Even progressives are entertaining the idea, however sarcastically. In a now-deleted tweet, lesbian feminist activist Amy Siskind proposed a satirical division of America in which the blue states joined Canada to become “The United States of Canada,” while red states form an independent country, “Jesusland.” (To be honest, this proposed division holds a lot of appeal for me.)
If Biden takes office on Jan. 20, what then? “American politics will be even more poisoned and polarized than it has been for the last four years,” notes Pat Buchanan. “Tens of millions of Americans will see themselves as disfranchised and believe that the greatest champion they have had in decades was illegally driven from power by the same deep state-media conspiracy he fought for four years.”
When a couple gets a divorce, they often cite irreconcilable differences. That seems to be the case right now in America. Let’s face it, progressives loathe conservatives and conservatives loathe progressives. A house divided against itself cannot stand. This mutual hatred is growing and makes it impossible for people to live peaceful, productive lives. Why stay in a marriage if you hate your spouse? Why remain with an abusive partner? Why not go your separate ways? These are questions worth asking.
“Though secession is unlikely, a secession of the heart has already taken place in America,” notes Buchanan. “We are two nations, two peoples seemingly separated indefinitely. Can a nation so divided as ours, racially, ideologically, religiously, still do great things together, as did the America of days gone by, to the amazement of the world?”
My husband and I recently had a discussion about the logistics of secession. Who goes where? Who gives up their homes, their businesses, their community connections and moves to either the red or the blue states that want them? Among our largely conservative neighborhood, we have one progressive family who’s lived in the area for decades. What would happen to them? We have family and friends living in vivid-blue states. Would they be persecuted if they remained behind?
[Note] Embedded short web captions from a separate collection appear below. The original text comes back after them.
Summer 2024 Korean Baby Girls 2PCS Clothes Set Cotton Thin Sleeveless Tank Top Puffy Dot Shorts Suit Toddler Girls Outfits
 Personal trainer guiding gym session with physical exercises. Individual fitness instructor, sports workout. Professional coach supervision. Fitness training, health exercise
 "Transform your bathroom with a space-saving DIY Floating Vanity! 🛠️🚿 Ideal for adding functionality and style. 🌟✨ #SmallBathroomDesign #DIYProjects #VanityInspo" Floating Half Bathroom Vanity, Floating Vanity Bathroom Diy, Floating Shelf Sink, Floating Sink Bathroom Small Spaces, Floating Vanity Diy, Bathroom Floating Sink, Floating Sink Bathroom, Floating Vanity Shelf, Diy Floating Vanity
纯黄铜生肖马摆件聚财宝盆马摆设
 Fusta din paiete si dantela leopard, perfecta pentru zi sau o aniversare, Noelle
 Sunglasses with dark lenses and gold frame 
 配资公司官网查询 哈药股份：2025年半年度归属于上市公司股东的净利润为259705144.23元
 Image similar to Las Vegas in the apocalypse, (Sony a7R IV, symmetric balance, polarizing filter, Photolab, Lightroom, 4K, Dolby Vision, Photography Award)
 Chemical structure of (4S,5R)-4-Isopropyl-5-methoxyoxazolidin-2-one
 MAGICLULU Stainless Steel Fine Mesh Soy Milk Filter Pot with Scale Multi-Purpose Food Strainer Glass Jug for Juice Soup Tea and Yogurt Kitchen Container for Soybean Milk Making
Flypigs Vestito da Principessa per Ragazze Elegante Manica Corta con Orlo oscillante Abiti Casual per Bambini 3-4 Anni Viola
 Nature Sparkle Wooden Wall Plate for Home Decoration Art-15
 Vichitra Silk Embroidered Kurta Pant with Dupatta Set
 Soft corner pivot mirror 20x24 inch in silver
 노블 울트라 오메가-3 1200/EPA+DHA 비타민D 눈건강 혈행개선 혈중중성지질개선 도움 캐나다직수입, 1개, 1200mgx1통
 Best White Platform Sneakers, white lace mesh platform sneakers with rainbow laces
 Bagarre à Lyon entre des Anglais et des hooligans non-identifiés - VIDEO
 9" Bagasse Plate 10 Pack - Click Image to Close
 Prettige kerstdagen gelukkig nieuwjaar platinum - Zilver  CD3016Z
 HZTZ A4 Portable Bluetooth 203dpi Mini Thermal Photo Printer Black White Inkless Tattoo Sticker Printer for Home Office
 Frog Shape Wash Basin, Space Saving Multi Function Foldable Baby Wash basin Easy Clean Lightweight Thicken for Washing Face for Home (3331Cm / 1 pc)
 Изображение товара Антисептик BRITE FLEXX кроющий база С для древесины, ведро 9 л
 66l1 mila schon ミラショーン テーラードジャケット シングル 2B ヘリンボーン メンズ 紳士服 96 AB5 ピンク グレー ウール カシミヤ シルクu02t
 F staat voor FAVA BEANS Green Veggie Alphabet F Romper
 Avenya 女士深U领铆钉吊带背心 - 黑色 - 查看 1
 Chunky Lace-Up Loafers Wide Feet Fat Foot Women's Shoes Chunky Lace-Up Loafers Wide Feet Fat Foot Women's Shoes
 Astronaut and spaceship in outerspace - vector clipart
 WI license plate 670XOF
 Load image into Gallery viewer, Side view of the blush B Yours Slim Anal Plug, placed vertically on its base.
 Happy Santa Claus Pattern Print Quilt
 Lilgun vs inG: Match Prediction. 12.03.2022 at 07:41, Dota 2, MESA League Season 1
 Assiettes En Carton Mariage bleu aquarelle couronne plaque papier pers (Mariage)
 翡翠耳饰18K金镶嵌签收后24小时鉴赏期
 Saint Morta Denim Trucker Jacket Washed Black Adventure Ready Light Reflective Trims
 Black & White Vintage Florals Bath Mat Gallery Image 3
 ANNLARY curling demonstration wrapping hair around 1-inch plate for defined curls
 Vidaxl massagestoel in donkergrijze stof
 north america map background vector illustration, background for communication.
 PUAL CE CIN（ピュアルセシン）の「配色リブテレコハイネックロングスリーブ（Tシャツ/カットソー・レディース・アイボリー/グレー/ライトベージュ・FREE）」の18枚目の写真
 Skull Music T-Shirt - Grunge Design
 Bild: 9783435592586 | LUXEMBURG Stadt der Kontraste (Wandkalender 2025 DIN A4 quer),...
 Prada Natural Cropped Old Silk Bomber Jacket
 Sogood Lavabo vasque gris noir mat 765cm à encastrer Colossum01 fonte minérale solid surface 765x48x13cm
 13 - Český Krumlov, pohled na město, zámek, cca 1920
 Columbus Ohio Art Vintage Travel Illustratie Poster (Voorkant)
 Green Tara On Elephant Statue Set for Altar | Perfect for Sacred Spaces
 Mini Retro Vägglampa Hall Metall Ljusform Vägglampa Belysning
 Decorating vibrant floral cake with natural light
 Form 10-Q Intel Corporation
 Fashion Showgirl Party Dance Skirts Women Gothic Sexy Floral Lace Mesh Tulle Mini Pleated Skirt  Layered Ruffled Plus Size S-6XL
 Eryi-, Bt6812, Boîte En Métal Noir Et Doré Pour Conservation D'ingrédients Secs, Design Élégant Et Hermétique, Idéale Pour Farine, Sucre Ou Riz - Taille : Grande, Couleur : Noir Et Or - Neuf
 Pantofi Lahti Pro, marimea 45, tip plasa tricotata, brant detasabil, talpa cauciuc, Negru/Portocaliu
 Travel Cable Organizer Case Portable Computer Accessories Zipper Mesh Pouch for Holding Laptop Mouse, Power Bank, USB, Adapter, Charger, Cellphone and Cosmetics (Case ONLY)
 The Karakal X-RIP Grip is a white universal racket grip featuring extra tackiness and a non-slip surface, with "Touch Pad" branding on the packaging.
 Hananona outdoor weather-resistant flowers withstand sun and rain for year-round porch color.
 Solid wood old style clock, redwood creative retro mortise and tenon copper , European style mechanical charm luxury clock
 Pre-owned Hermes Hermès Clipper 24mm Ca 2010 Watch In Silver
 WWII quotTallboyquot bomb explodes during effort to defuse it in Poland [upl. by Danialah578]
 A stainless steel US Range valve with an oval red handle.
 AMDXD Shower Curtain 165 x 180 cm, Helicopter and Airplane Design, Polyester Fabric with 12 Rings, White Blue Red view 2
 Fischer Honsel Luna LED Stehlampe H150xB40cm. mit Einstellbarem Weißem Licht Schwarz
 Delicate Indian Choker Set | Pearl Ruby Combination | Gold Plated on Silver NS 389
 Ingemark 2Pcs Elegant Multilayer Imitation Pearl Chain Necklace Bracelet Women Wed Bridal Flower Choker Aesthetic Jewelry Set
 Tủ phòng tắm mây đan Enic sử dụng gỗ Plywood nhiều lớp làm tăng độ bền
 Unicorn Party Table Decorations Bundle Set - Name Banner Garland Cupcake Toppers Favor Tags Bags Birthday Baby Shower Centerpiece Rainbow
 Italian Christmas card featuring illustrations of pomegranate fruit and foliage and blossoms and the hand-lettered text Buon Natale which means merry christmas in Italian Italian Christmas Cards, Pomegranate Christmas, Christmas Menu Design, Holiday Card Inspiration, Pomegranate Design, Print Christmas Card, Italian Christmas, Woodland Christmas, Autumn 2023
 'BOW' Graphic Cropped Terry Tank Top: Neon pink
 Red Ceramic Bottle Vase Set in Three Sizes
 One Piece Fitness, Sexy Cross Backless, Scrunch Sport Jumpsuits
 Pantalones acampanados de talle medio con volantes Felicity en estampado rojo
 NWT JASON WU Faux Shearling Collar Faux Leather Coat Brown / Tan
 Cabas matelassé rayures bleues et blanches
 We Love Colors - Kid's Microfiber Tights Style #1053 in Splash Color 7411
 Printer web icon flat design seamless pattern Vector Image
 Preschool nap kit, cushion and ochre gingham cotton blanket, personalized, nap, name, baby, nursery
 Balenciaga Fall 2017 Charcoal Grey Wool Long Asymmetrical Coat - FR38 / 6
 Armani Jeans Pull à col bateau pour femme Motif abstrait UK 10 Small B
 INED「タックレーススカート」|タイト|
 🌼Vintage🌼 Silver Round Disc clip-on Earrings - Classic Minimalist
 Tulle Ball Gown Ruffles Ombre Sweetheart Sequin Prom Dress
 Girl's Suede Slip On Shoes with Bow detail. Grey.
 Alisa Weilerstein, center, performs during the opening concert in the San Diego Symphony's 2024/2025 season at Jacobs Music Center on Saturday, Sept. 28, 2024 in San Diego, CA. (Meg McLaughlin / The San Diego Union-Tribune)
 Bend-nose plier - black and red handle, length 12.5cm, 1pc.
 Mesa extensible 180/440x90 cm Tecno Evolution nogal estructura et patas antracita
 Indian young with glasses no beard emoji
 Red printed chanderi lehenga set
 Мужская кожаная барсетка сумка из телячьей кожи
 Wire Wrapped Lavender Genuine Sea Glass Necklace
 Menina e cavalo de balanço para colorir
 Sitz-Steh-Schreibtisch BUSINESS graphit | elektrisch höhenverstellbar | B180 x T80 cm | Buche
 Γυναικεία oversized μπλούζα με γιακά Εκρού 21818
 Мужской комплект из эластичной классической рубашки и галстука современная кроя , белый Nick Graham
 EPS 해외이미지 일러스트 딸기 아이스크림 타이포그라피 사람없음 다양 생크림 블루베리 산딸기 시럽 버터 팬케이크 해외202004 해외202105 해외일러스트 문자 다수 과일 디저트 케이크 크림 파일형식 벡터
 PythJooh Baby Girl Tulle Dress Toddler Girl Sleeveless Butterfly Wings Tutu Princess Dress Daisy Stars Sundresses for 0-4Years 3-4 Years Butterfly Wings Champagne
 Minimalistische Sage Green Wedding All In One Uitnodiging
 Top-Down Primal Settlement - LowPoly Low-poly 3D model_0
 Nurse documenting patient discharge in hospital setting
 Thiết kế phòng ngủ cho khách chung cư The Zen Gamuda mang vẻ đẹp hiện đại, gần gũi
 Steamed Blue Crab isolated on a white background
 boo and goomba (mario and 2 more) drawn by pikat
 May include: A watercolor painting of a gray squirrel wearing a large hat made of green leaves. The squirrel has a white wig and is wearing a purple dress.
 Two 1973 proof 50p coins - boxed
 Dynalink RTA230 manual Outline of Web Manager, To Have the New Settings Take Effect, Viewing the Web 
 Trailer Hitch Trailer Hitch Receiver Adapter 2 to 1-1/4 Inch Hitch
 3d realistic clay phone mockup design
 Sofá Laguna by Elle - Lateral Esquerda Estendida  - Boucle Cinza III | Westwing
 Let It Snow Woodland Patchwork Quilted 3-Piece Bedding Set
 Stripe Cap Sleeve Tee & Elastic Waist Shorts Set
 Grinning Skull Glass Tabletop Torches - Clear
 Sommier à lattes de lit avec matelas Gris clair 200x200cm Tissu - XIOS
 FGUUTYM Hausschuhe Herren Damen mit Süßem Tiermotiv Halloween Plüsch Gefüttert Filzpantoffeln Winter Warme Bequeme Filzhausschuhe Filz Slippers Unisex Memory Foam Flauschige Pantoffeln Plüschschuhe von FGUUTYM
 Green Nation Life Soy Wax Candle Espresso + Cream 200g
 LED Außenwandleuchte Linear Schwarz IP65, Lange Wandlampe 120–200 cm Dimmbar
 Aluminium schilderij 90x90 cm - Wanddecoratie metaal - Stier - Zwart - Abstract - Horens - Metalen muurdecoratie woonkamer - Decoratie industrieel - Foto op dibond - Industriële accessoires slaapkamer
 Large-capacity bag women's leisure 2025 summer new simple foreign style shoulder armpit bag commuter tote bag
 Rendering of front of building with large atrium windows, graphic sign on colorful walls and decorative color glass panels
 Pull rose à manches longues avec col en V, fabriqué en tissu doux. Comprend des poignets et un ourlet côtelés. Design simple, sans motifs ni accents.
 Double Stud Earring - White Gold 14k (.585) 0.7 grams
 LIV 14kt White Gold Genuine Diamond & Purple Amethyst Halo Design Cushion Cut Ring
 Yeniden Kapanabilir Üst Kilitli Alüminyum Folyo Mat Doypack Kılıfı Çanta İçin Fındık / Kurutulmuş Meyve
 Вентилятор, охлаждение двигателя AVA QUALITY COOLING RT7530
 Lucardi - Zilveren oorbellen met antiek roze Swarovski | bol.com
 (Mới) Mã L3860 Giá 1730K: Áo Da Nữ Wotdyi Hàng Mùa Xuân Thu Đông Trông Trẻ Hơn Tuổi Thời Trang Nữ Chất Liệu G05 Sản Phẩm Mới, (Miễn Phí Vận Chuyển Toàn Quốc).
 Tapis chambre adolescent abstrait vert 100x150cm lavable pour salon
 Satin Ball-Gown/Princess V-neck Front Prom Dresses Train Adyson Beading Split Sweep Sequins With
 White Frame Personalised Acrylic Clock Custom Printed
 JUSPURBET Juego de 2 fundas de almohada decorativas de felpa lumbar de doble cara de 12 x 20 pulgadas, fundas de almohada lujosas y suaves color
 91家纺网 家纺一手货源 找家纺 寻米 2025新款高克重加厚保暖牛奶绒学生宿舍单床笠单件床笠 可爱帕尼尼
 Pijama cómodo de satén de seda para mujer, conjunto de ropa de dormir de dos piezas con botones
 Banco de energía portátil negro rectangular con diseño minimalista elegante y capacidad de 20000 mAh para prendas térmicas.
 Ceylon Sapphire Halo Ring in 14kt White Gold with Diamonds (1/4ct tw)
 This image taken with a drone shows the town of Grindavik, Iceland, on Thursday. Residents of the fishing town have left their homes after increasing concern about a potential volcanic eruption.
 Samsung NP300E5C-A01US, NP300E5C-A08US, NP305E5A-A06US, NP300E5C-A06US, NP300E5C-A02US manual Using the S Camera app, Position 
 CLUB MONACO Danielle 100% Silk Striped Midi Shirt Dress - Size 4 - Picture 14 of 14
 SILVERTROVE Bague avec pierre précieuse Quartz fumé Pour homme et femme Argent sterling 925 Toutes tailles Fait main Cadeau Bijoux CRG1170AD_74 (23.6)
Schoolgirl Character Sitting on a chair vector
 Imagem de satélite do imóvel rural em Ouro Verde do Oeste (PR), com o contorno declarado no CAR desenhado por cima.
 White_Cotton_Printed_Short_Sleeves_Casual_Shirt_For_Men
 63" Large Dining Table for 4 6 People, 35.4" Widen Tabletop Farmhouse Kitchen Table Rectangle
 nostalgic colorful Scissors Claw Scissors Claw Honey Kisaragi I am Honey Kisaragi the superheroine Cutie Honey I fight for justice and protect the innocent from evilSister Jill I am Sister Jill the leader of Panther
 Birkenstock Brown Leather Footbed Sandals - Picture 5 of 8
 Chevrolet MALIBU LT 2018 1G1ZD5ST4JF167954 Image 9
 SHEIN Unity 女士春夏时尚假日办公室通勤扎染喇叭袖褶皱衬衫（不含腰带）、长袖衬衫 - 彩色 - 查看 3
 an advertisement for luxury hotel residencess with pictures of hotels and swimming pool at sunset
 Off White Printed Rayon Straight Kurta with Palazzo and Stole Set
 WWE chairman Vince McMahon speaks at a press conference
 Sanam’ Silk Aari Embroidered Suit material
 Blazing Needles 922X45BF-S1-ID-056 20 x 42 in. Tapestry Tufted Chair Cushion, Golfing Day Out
In short, secession couldn’t happen without a tremendous amount of pain and unfairness. Consider what happened when India was partitioned in 1947 into two nations (India and Pakistan). According to Wikipedia: “The partition displaced between 10 and 12 million people along religious lines, creating overwhelming refugee crises in the newly constituted dominions. There was large-scale violence, with estimates of loss of life accompanying or preceding the partition disputed and varying between several hundred thousand and 2 million. The violent nature of the partition created an atmosphere of hostility and suspicion between India and Pakistan that affects their relationship to this day.”
Is this what the future of America might hold? I pray not. While I don’t agree with our progressive neighbors’ politics, I most certainly don’t want them to become political refugees. I have no desire for them to leave their home of 20 years for bluer pastures.
In short, I don’t know if secession is the answer to America’s internal conflict. But, as God is my witness, I don’t know what the answer may be.